What the task requires: After locating "wholesale canada dainty" in the listing below, copy that line and each one after it exactly, ending with the line that has "1422 NW 38th".

Entries supplied:

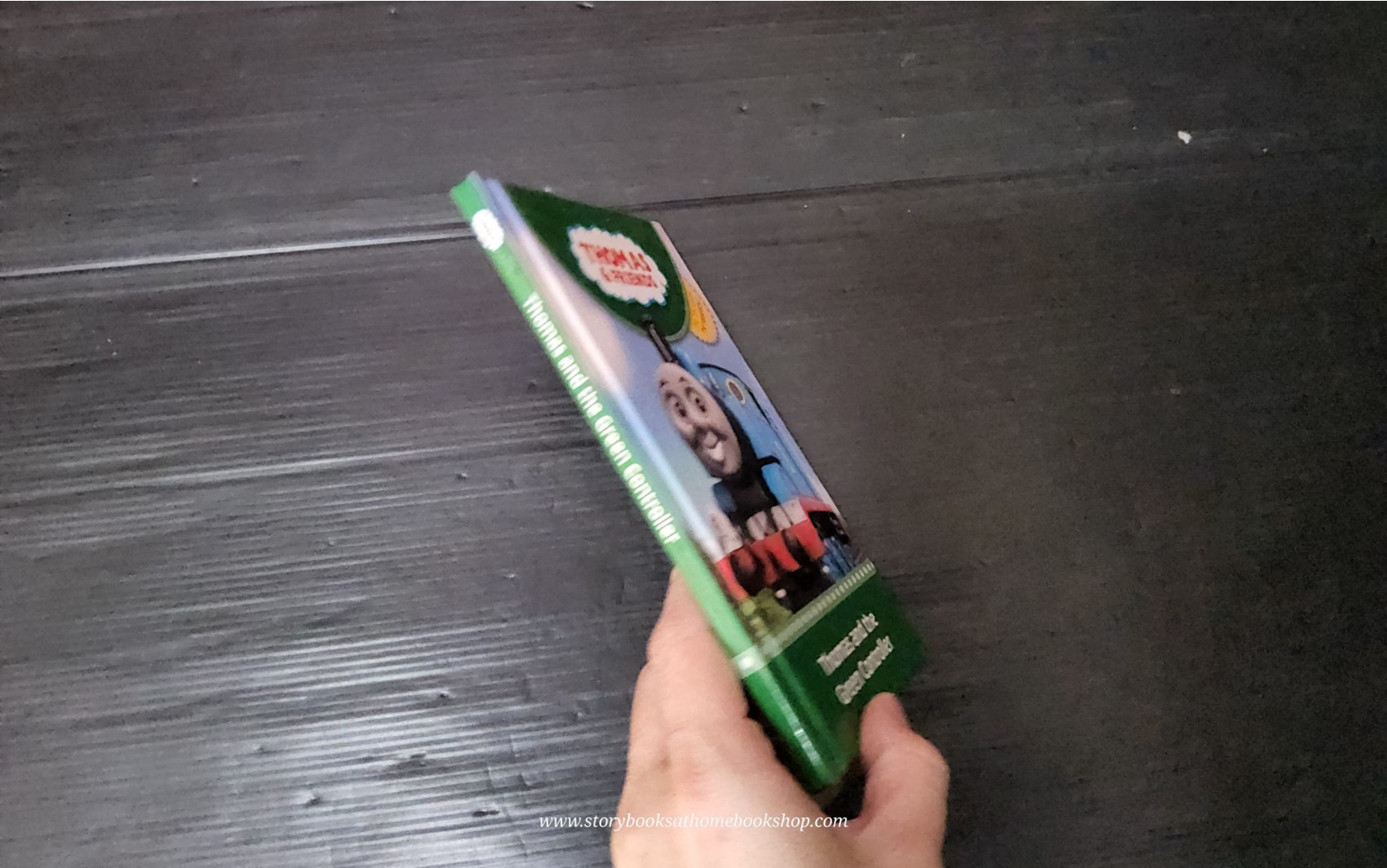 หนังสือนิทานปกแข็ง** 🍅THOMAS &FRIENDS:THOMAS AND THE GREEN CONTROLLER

---

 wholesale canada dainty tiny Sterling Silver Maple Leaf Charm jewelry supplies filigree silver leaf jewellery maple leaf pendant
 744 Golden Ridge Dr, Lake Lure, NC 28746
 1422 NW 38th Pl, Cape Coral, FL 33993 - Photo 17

Solution to this task:
 wholesale canada dainty tiny Sterling Silver Maple Leaf Charm jewelry supplies filigree silver leaf jewellery maple leaf pendant
 744 Golden Ridge Dr, Lake Lure, NC 28746
 1422 NW 38th Pl, Cape Coral, FL 33993 - Photo 17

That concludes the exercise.